A bad football team playing a home game they are likely to lose at a stadium everyone hates, and without their one cool player, and against a team whose fans cannot usually be counted upon for a takeover, usually cannot expect a large crowd. In a place like, oh, Nashville, Trump might expect his presence to draw thousands of his own supporters and to beef up the crowd with people who are there to cheer for him personally. Right now, in the D.C. area, people who are drawn to a scheduled Trump appearance are far more likely to be Trump antagonists. Under other circumstances, the majority of people in the stands of a football game will roll their eyes but applaud politely for yet another tacky performance of appreciation for military service members. On Sunday— with nothing on the whole planet going right, with the crowd swollen with angry locals, with the score already 25–10 to the visitors, and with the big greasy goon himself reciting the oath of enlistment over the stadium's public-address system—the overwhelming majority of fans used the saluting service-members portion of "Salute to Service" day to loudly vented their disapproval:

It wasn't all overt hostility. People seated in front of Harris's booth were photographed waving and smiling at Trump. Lions receiver and anti-ACA activist Amon-Ra St. Brown celebrated the president's scheduled appearance by doing the "Trump dance" after a first-quarter touchdown, before Trump had arrived at the stadium but after Air Force One rattled the stadium with a low flyover. Fans booed the flyover; the White House called it "epic" on social media; Trump, naturally, referred to it as "the greatest flyover ever."

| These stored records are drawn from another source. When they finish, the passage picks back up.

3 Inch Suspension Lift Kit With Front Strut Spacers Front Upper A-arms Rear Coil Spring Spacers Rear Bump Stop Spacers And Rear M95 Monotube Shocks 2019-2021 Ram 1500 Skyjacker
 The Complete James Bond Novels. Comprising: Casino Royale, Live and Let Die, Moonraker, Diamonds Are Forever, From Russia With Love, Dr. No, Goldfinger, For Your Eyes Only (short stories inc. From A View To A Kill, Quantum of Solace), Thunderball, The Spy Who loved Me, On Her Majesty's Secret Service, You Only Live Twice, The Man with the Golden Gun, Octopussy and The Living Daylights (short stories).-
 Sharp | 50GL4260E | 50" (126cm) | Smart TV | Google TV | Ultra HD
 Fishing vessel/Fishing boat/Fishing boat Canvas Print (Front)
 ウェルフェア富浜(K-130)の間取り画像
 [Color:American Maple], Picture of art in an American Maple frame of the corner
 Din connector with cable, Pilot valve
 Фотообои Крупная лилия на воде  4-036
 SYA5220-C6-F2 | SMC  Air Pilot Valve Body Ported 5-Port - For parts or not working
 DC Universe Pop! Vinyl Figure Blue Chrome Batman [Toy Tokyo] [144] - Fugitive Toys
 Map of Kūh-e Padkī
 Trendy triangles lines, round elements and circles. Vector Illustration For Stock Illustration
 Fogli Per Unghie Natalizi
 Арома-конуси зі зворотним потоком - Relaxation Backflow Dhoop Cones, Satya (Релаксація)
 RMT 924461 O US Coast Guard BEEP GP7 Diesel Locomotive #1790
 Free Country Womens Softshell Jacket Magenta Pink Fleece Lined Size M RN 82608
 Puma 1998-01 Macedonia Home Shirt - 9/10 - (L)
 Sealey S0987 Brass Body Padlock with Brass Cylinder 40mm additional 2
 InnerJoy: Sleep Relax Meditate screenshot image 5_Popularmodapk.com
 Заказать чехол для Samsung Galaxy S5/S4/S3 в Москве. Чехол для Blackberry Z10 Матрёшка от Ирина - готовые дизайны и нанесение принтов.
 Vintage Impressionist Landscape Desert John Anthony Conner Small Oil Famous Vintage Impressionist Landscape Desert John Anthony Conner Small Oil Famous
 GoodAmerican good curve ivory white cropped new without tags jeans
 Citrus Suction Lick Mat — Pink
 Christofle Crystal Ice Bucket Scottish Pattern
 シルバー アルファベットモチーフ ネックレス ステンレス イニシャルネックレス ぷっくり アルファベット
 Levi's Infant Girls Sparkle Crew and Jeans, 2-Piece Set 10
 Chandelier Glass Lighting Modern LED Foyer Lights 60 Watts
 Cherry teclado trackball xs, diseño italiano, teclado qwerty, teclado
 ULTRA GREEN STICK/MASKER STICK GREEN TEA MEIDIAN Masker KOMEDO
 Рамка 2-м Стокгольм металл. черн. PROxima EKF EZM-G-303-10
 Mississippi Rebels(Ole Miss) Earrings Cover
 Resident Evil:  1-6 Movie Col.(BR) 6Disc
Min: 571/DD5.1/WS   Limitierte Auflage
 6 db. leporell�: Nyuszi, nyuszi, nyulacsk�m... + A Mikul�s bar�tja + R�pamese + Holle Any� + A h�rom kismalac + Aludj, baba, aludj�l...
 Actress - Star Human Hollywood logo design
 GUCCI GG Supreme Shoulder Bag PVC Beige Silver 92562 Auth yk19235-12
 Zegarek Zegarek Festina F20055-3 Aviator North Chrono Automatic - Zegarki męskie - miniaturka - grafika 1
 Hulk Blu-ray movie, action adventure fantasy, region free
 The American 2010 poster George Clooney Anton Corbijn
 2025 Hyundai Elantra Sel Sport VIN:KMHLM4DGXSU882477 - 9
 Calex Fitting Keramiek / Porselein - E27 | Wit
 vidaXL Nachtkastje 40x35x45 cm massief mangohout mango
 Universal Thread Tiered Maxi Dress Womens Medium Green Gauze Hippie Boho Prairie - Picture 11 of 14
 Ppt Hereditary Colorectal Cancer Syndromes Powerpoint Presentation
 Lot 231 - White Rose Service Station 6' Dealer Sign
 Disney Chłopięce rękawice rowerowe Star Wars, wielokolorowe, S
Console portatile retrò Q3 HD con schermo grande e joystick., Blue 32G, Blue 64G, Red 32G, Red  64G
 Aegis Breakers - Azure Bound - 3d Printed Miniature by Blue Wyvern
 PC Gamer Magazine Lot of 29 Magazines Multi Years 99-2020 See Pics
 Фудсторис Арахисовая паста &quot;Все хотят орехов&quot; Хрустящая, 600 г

Later in the afternoon, the Fox broadcasting booth invited Trump to participate in a few minutes of on-air commentary. He fared somewhat better nearer to his wheelhouse as a glorified television personality, bantering with Kenny Albert and Jonathan Vilma through a garbage-time Commanders drive, even daring to be self-deprecating about his own brief football days. The booth talked right over a 37-yard completion so that Trump could praise Drew Brees, Vilma's former teammate, as a quarterback who "threw a ball that you could catch." Albert later invited Trump to do play-by-play, whereupon the horrible doofus immediately revealed that he'd formed the mistaken impression that he was speaking to hometown broadcasters, and then shared the penetrating insight that a red-zone sequence for the trailing side of a 22-point game represents "an important couple of plays." Albert and Vilma of course lapped this right up.

You could almost think of this ugly afternoon appearance as another indignity in a continuing run of bad form for Trump, except that hours later Senate Democrats caucused and worked out a politically palatable course for capitulating on the shutdown, screwing millions of low- and middle-income people and stamping out the tiny little flicker of momentum and good vibes that was kindled last Tuesday. Send Chuck Schumer to the next Commanders home game.